▸ Prompt
Lines from the one containing "this 450×320 image." through the last line of the data are to be returned exactly, both ends included, minus any pictures.
***
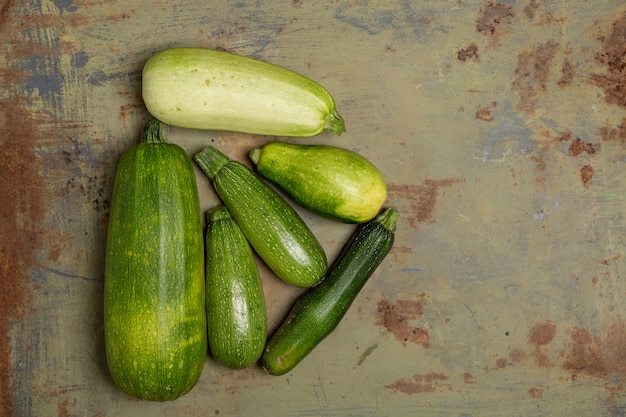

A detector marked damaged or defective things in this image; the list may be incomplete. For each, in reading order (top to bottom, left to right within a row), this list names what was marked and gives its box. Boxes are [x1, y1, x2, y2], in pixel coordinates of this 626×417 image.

brown rusted area [478, 1, 512, 42]
rust spot [476, 1, 516, 42]
rust spot [454, 43, 478, 61]
brown rusted area [454, 43, 478, 61]
brown rusted area [512, 39, 556, 113]
rust spot [510, 39, 560, 113]
brown rusted area [588, 11, 624, 109]
rust spot [588, 11, 624, 109]
brown rusted area [476, 101, 494, 121]
rust spot [476, 101, 494, 121]
brown rusted area [568, 138, 592, 156]
rust spot [564, 138, 596, 156]
rust spot [576, 164, 592, 187]
brown rusted area [576, 164, 592, 187]
brown rusted area [388, 178, 460, 229]
rust spot [386, 178, 464, 229]
brown rusted area [376, 292, 428, 348]
rust spot [376, 292, 428, 348]
brown rusted area [528, 318, 556, 364]
rust spot [528, 320, 556, 366]
brown rusted area [386, 370, 448, 394]
rust spot [386, 372, 448, 394]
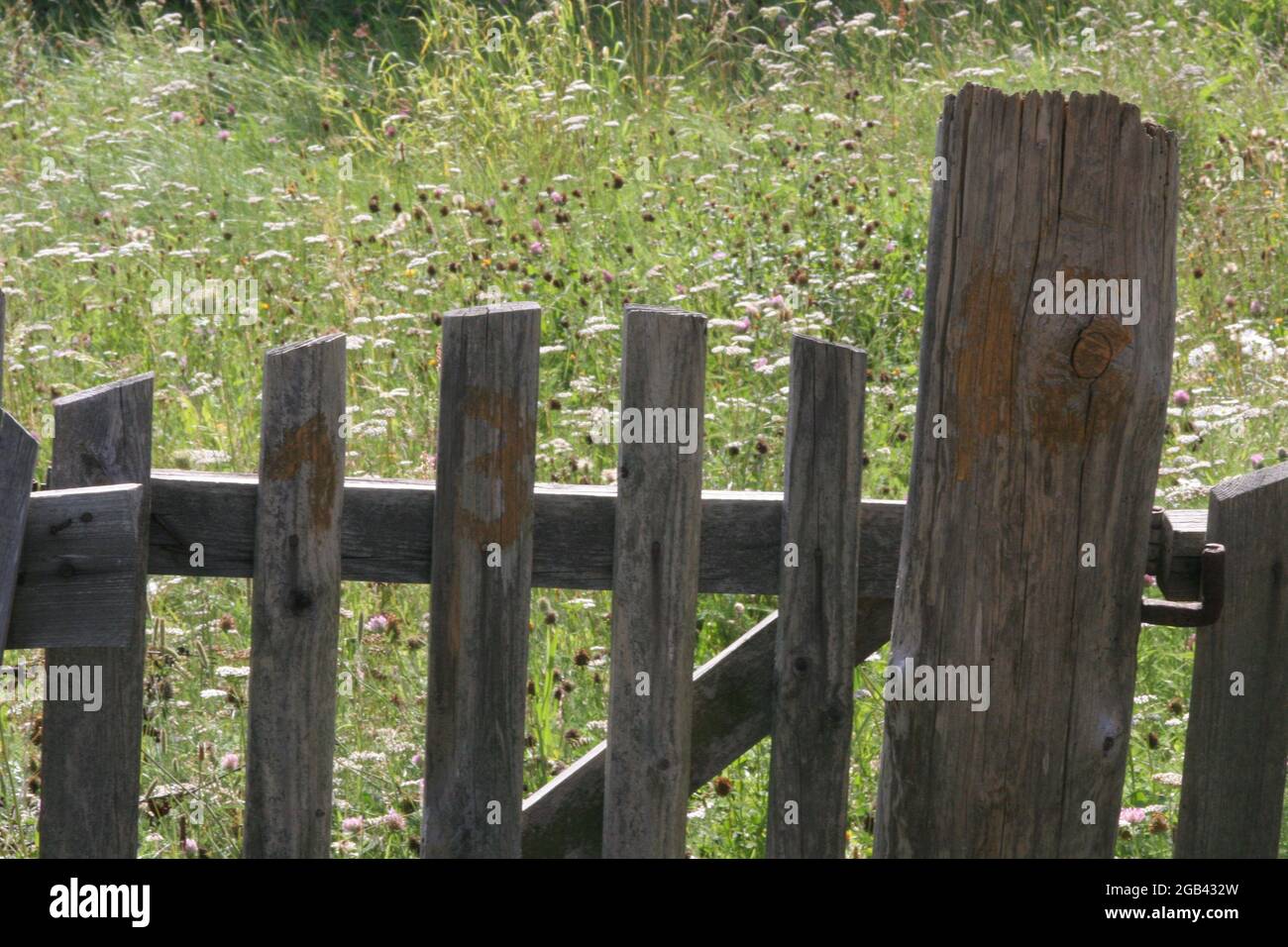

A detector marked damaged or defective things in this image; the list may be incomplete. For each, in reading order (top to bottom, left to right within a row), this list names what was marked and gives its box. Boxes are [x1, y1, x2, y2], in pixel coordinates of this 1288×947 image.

rusty hinge [1141, 543, 1221, 626]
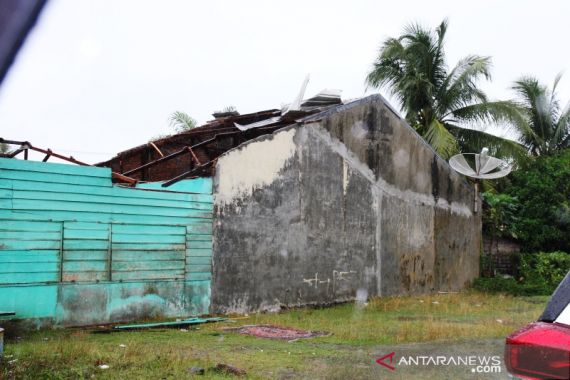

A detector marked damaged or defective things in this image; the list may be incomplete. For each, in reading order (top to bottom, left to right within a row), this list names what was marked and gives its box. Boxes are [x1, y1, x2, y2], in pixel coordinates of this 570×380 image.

damaged house [0, 91, 480, 324]
broken structure [0, 92, 480, 324]
damaged concrete wall [212, 95, 480, 314]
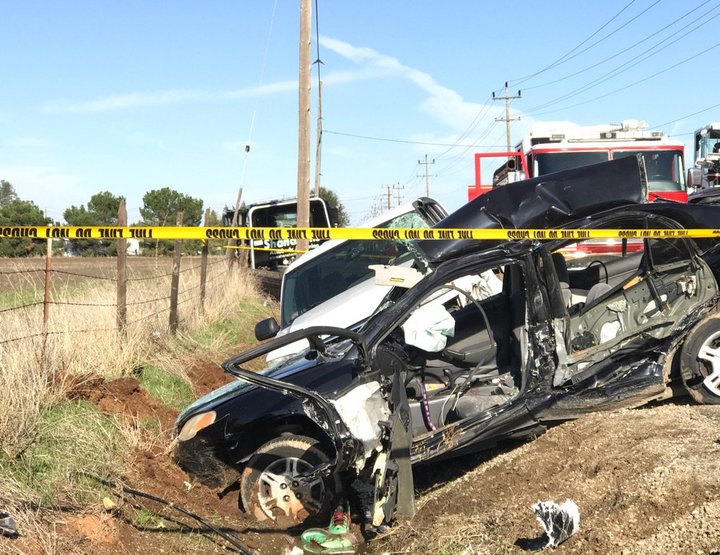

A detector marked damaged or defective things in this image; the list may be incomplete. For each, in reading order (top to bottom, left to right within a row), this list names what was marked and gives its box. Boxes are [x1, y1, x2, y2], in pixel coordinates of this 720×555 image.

severely damaged black suv [173, 157, 720, 528]
broken vehicle frame [176, 155, 720, 524]
crumpled hood [416, 154, 648, 268]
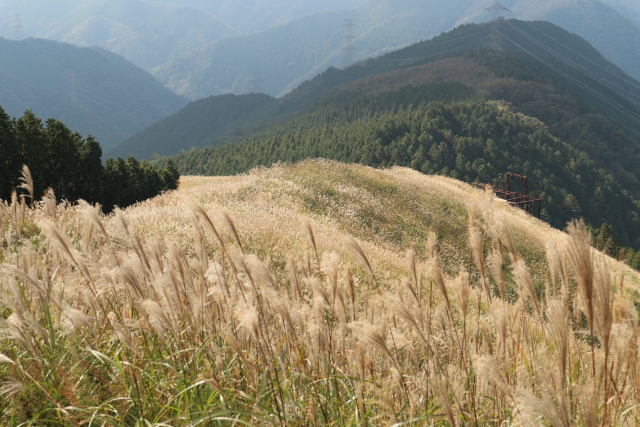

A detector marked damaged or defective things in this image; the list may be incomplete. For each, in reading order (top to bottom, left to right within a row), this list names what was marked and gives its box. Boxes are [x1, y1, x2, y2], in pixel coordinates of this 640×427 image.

rusty metal frame [472, 173, 544, 219]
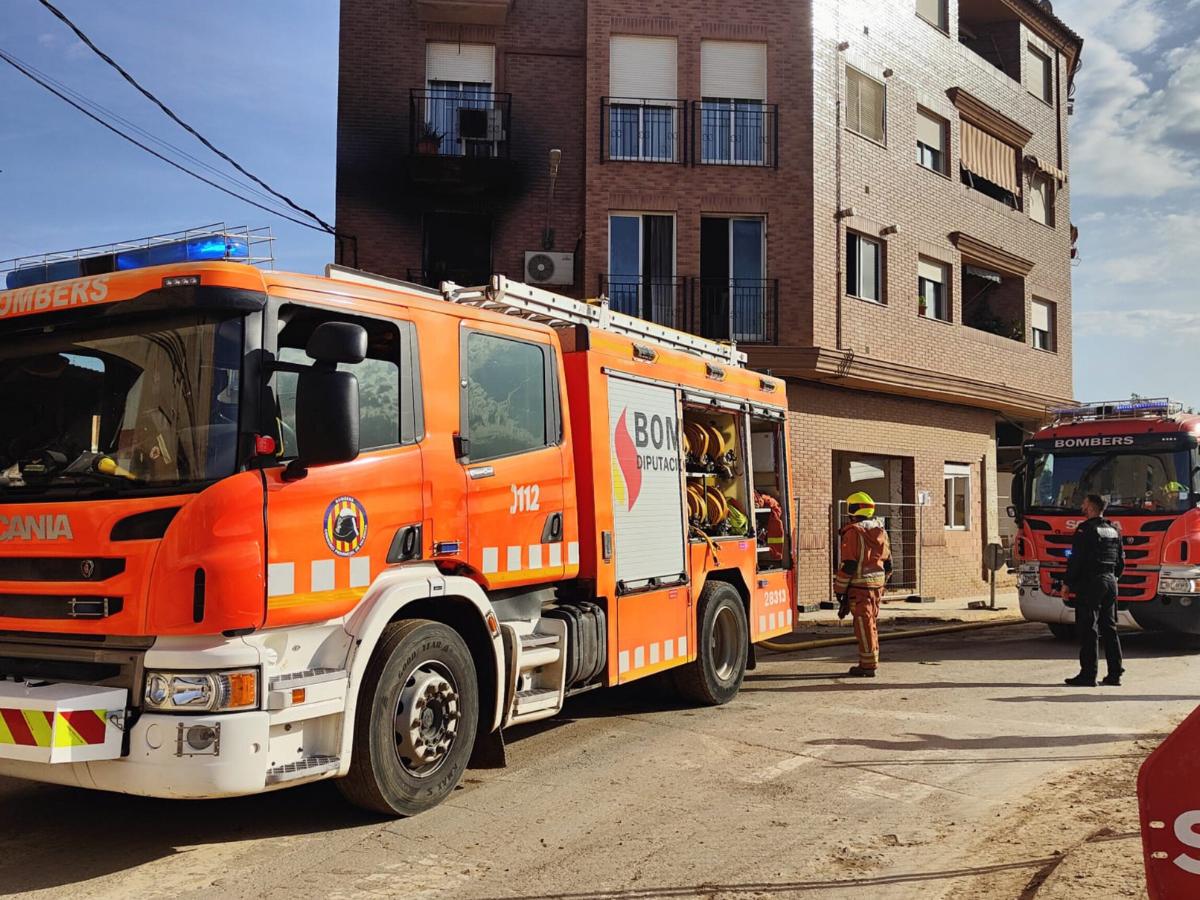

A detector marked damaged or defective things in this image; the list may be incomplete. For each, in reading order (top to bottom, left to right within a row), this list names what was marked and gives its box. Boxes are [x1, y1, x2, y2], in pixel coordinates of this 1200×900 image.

burnt apartment building [336, 1, 1080, 604]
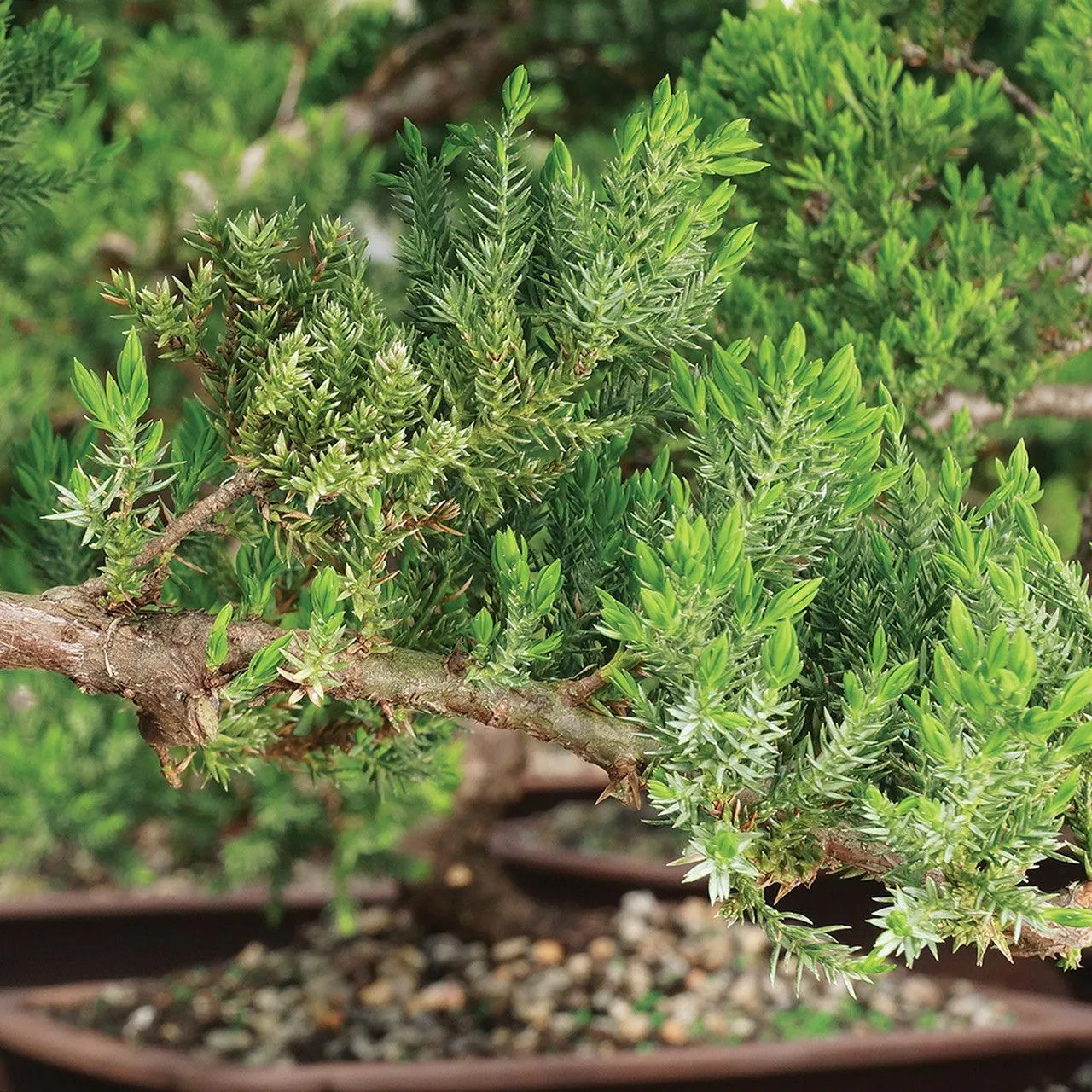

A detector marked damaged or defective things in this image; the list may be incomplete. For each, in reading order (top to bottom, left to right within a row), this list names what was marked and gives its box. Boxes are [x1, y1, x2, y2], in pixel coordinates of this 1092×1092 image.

rusty brown pot [0, 983, 1085, 1092]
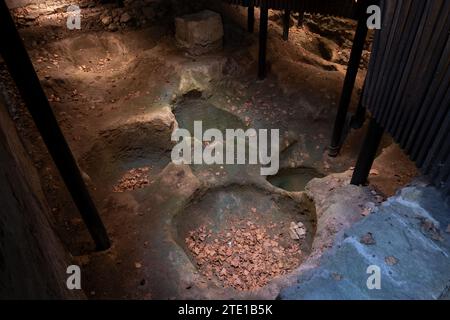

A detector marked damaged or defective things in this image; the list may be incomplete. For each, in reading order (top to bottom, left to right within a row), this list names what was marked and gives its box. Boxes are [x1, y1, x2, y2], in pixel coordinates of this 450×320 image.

broken pottery shard [176, 9, 225, 55]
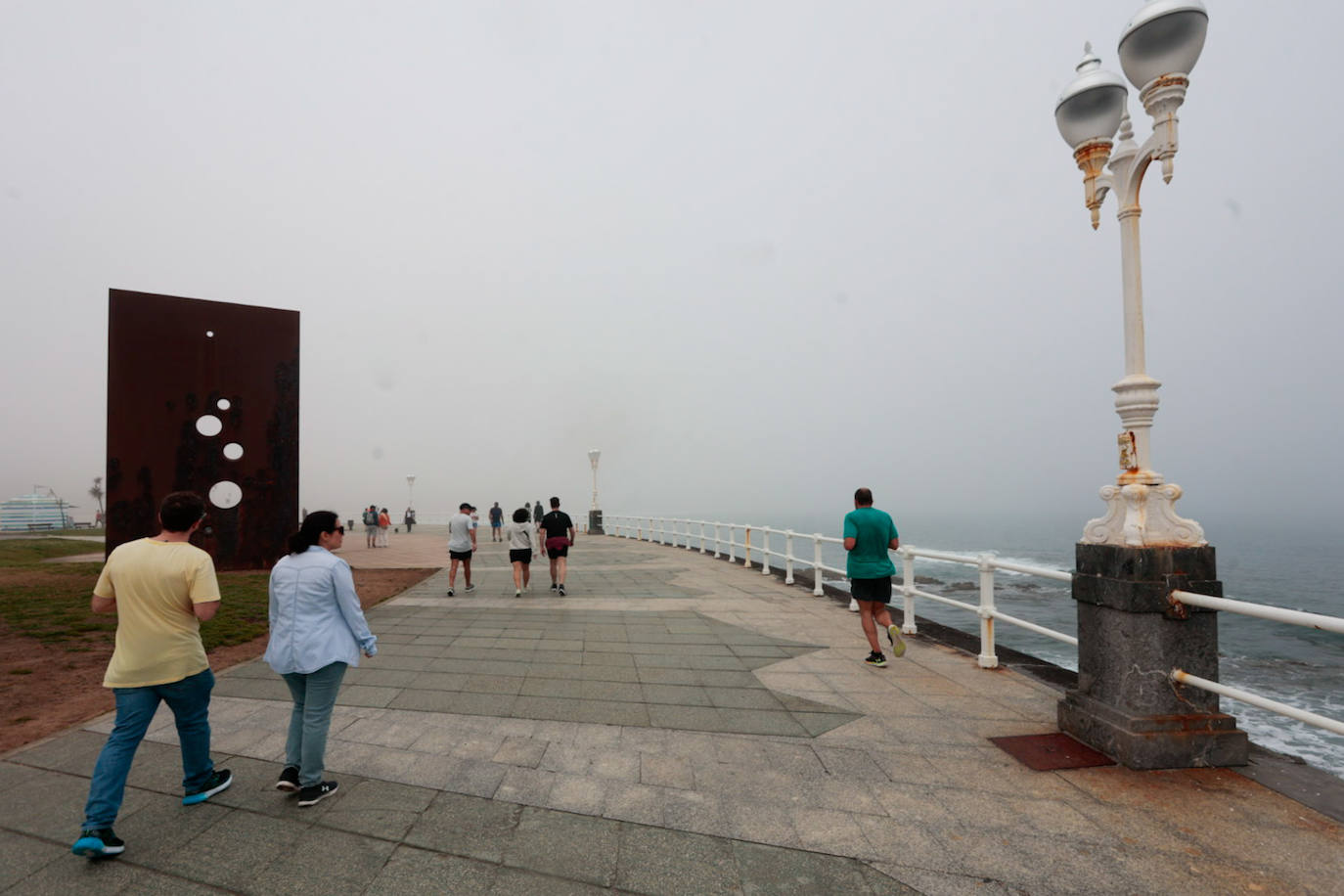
***
▸ Exercise solution
A detector marked damaged or defective things in this image; the list may be incomplete. For each, in reading order (top to bottom, left to right within a row), this list names what was marked and gives its box. Boxes are [x1, y1, x2, y2], in pixel coordinates of this 450×320 image.

broken pottery shard [176, 9, 225, 55]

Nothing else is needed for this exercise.